= Vaginal steaming =

Pseudoscientific form of alternative medicine

Vaginal steaming, sometimes shortened to V-steaming and also known as wormwood steaming, is an alternative health treatment wherein a woman squats or sits over steaming water containing herbs such as mugwort, rosemary, wormwood, and basil. It has been practiced in Africa (Mozambique, South Africa), Asia (Indonesia, Thailand), and Central America (among the Q'eqchi' people).

Vaginal steaming is described in spas as an ancient Chinese treatment for reproductive organ ailments and is claimed to have other benefits. No empirical evidence supports any of these claims. It has become a fad for women in the Western world.

There is no evidence that vaginal steaming has any benefits, while there is evidence that it can be dangerous.

==Prevalence==
According to a study on vaginal practices by the World Health Organization published in 2011, one of the ways in which women practice vaginal care is by "Vaginal steaming or smoking: the 'steaming' or 'smoking' of the vagina, by sitting above a source of heat (fire, coals, hot rocks) on which water, herbs, or oils are placed to create steam or smoke". For that study, over 4,000 women in Tete (Mozambique), KwaZulu-Natal (South Africa), Yogyakarta (Indonesia), and Chonburi (Thailand) were asked about their vaginal care. When it came to vaginal steaming/smoking, very different results were obtained, and very different reasons were given for using the practice: in Chonburi, 67% of women reported having performed vaginal steaming or smoking, "which they associated with maintaining wellness and feminine identity", especially after having given birth (85.5%). In Tete, only 10% of women practiced steaming or smoking, "mostly intended to enhance male sexual pleasure by causing vaginal tightening (64.1% of users) and drying (22.9%)". In the two African locations, 37–38% of women said they practiced it to enhance "male sexual pleasure"; in the two Asian ones, 0% gave that answer. Conversely, of the Asian women 26% reported their "feminine identity" was a reason, compared to 0% of the African women.

==Risks==
Side effects and potential dangers include allergic reactions, second-degree burns if the steam is too close, and vaginal infections like yeast infections and urinary tract infection (uti).

==Society and culture==
In a paper for Culture, Health & Sexuality, Vandenburg and Braun argue that the rhetoric of vaginal steaming mirrors sexist Western discourse about the supposed inherent dirtiness of the female body, and that its claims of improved fertility and sexual pleasure continue the view that the female body exists for male sexual pleasure and childbearing.

===Marketing===
Vaginal steaming is marketed with the pseudoscientific notions of "balancing" female hormones and "revitalizing" the uterus or vagina. In an article for Goop, actress Gwyneth Paltrow, in reviewing a Santa Monica, California spa, described several of their treatments and said of one, "[y]ou sit on what is essentially a mini-throne, and a combination of infrared and mugwort steam cleanses your uterus, et al". A report in The Guardian responded by debunking the claim of the heat, steam, and mugwort having any benefit, and noted it could be harmful.

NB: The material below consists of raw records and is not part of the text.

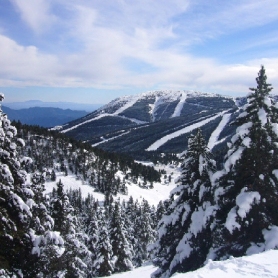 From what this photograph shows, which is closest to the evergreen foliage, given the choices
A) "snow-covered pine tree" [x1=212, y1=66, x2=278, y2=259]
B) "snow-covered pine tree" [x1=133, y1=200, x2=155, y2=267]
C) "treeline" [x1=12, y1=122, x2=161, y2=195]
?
"snow-covered pine tree" [x1=212, y1=66, x2=278, y2=259]

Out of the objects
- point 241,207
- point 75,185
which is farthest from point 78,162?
point 241,207

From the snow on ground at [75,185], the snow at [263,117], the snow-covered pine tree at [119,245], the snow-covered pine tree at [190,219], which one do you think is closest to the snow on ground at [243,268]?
the snow-covered pine tree at [190,219]

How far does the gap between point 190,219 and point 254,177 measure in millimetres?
5690

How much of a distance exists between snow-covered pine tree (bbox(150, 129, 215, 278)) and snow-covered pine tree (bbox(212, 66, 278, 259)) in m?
1.88

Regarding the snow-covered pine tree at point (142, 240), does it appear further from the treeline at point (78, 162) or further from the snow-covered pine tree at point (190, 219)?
the treeline at point (78, 162)

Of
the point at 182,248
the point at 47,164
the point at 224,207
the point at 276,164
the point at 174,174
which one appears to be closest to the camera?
the point at 276,164

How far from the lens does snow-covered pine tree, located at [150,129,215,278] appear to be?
1672 centimetres

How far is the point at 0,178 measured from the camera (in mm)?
13539

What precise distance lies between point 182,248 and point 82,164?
114m

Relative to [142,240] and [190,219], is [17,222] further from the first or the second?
[142,240]

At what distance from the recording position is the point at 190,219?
59.7 feet

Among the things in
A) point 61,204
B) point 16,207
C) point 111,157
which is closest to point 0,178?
point 16,207

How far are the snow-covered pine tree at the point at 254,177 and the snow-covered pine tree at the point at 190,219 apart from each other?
1.88m

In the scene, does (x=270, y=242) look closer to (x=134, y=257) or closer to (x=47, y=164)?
(x=134, y=257) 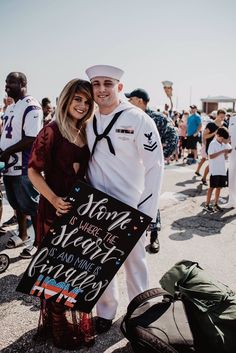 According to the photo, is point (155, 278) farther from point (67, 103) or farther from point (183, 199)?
point (183, 199)

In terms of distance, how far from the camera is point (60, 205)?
2.00 meters

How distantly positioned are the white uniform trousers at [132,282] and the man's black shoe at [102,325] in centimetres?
3

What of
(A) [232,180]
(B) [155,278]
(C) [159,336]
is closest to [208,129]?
(A) [232,180]

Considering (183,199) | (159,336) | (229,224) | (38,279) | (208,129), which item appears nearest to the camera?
(159,336)

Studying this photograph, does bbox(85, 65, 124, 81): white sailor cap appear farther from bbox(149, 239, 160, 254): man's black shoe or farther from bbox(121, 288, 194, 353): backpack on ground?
bbox(149, 239, 160, 254): man's black shoe

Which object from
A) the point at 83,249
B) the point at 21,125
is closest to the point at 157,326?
the point at 83,249

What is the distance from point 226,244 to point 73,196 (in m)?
3.01

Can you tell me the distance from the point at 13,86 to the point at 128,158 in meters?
1.89

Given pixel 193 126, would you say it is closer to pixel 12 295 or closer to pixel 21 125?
pixel 21 125

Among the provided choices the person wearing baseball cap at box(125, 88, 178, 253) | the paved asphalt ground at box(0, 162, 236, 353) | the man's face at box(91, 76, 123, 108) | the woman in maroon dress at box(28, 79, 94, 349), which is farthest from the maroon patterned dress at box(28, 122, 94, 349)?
the person wearing baseball cap at box(125, 88, 178, 253)

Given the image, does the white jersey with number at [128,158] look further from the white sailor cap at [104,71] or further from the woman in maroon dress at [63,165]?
the white sailor cap at [104,71]

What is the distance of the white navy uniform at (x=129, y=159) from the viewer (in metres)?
2.18

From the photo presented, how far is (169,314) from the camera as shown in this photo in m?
Answer: 2.05

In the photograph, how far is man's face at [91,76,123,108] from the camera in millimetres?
2200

A 2017 survey by Vandenburg and Braun (taking as its title one observer's characterization – "Basically, it's sorcery for your vagina") analyzed "90 online items related to vaginal steaming", including from newspapers and magazines, blogs, and providers of the practice. They identified a general theme, that of the "self-improving woman", which they argue fits in perfectly with modern constructions of what scholarship has called the "neoliberal" woman, a woman who, free of outside influences, seeks to optimize herself and her health (see Healthism). Within that theme, they found four attitudes that promote healthist practices such as vaginal steaming:
1. The female body is inherently defective and dirty, and deteriorates with age: "the female body [is] situated within this biologically-determinist narrative of inevitable decline" which can be resisted.
2. Western medicine and bodily care (including tampon use, for instance) make the female genitalia unnaturally full of toxins, a process that can be reversed by the natural practice of vaginal steaming (the authors note that such accounts use language derived from Western medicine—"symptoms", "decline", "ailments").
3. Health enhancement, and the optimization of the body, specifically fertility and sexual pleasure, with much of the language used by advertisers of spas focusing on "maintenance" and "restoration", reinforcing both healthism and the fetishization of youth; vaginal steaming, it is claimed, improves marriages and the male libido. According to the authors, "the sexual and reproductive enhancement focus mirrors the two modes through which Western societies have traditionally valued women: sexual availability for men (within marriage) and childbearing".
4. The pampering of the self-assured woman, a luxury as well as a right that they have earned, with advertising playing on the "reawakening" of the "inner goddess": "To awaken your inner goddess, please call us at..." The idea is that the practice allows a woman to reach her true potential, her true self.

The authors conclude that vaginal steaming is one of many practices that fit "neoliberal, postfeminist and healthist ideologies, colliding with pervasive sociocultural understandings of the female reproductive body both as core of womanhood and as 'embodied pathology.